The PM also tried to pass off old and existing schemes as fresh ones. For instance, he announced a scheme of Maternity Entitlements of Rs 6000 for pregnant women. He avoided mentioning that the National Food Security Act 2013 had already mandated universalization of the maternity entitlements of Rs 6000 – but the Modi Government since 2014 had failed to allocate the budgetary provisions for it!

The provision for farmers to get RuPay cards or other debit cards against Kisan Credit Cards has also existed since 2012; in fact, journalists have pointed out that a government reply in the Lok Sabha said that 56.60 lakh RuPay cards were issued against KCCs in 2013-14.

The PM announced the doubling of loans given through the MUDRA Yojana, prioritizing Dalits, Tribals, Backward Classes and women. A fact-check shows however that only a small percentage of MUDRA loans are in fact ‘new loans’ given to first-time and hitherto excluded borrowers.

Most importantly, none of the measures announced by the PM are of sufficient magnitude and significance to justify the enormous hardship and economic crisis thrust on India’s people and economy by demonetization. So these announcements could just as well have been routinely made in a Budget speech, even if demonetization had never been done.

With demonetization having dismally failed to achieve the objectives initially claimed for it, the PM is instead seeking to shift the discourse to the supposed benefits of a “cashless” or “less-cash” economy. In doing so, his 31 December speech the misleading and absurd claims that “cash” implied corruption and that India’s economy therefore needed to be “cleaned” of “excess cash.” Facts show that cash has no correlation with corruption, and “less cash” likewise has no correlation either with less corruption or with more development and modernization. Sweden and Nigeria have a similarly low proportion of cash in their economies – but Sweden is one of the least corrupt countries of the world while Nigeria is one of most corrupt countries. Japan has a considerably greater proportion (20.7%) of cash in its economy than India (11.8%) – and yet it is the world’s third largest economy and ranks 18th on the corruption index while India ranks 76th.

The PM’s speech made another equally false suggestion – that most of the demonetized notes had been circulating in the corrupt “parallel economy” and had now been brought to the “mainstream.” The PM is thus implying that the informal sector is the “parallel” black economy. In fact, the informal sector is the “mainstream” in India, employing 80% of India’s workforce, including the small and medium industries, small retail, and service sector and accounting for 45% of India’s GDP. By devastating the informal sector, demonetization has struck a crippling blow at the very spine of India’s economy and the lifeline of people’s survival and livelihood.

The PM in his speech implied that the “excess of cash” had been fuelling inflation.
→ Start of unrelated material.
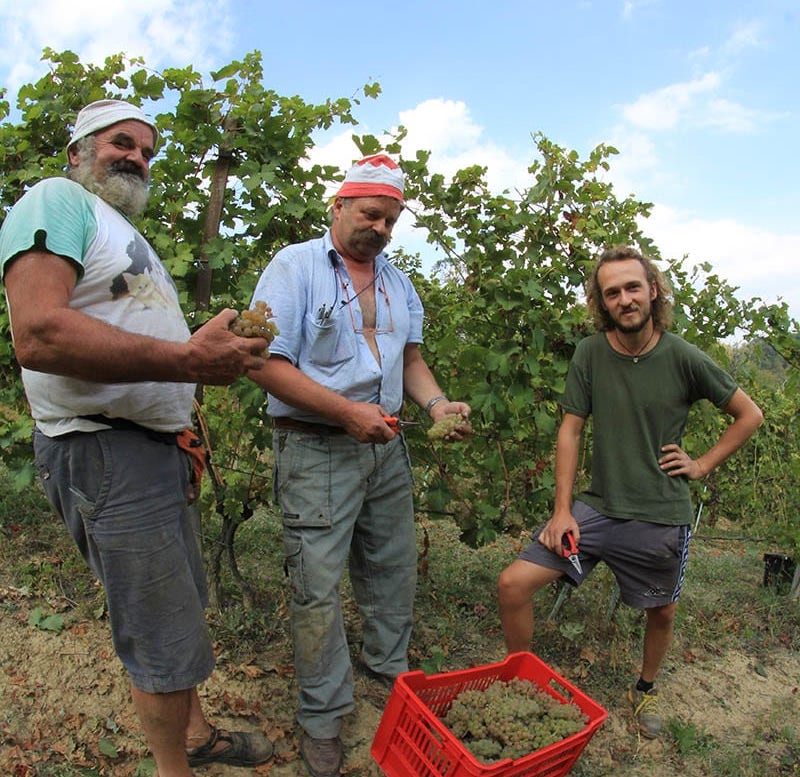 Le Primeur Vino Rosso Biologico 5本セット Bocin Servaj Vino Rosso | Azienda Agricola Carlo Chiesa | MYSA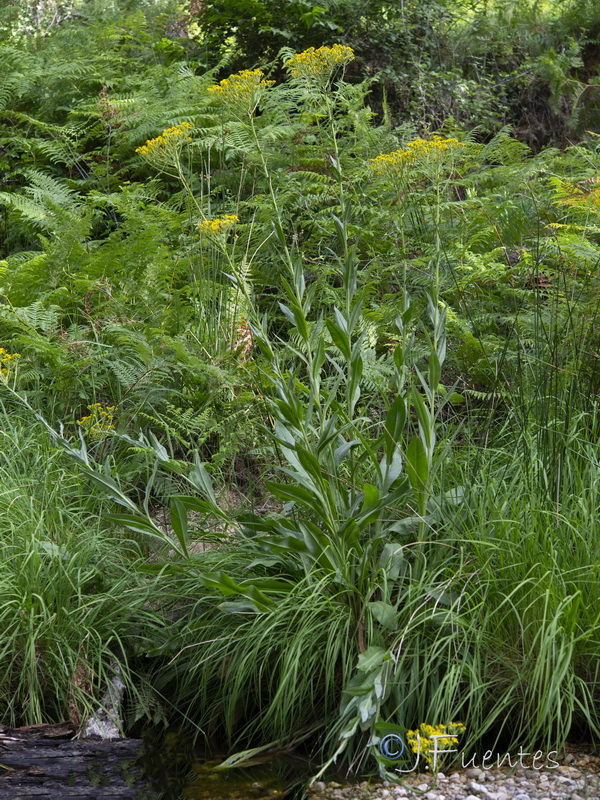 Senecio altissimus.33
This is patently ridiculous. The reduced inflation witnessed after demonetization is due partly to the artificial fall in demand due to the forced shrinking of spending power. Some fall in food prices, likewise, is due to the demonetization-induced distress sale of crops. Meanwhile the New Year has arrived with yet another hike in petrol and diesel prices which is bound to push up prices of essential commodities.

The PM declared that never before had banks “received such a large amount of money, in such a short time.” In other words, bad debts worth Rs 11 lakh crore will not be recovered from rich corporate defaulters. But banks have been recapitalized by forced deposits of the hard-earned savings of the poor, which the latter are prevented from withdrawing according to their needs but which banks can use to extend more loans to the defaulters!
The PM made some banal noises about transparency in political funding – but avoided announcing the much-needed concrete measures to clean up political funding.

The PM is seeking to avoid being held accountable for the failure to deliver on his tall claims for demonetization, or for the massive human and economic costs of demonetization. But the country will certainly hold him singularly responsible for the Note Ban disaster that has crippled people’s livelihood and the country’s economy while sparing and even benefiting the corrupt and super-rich.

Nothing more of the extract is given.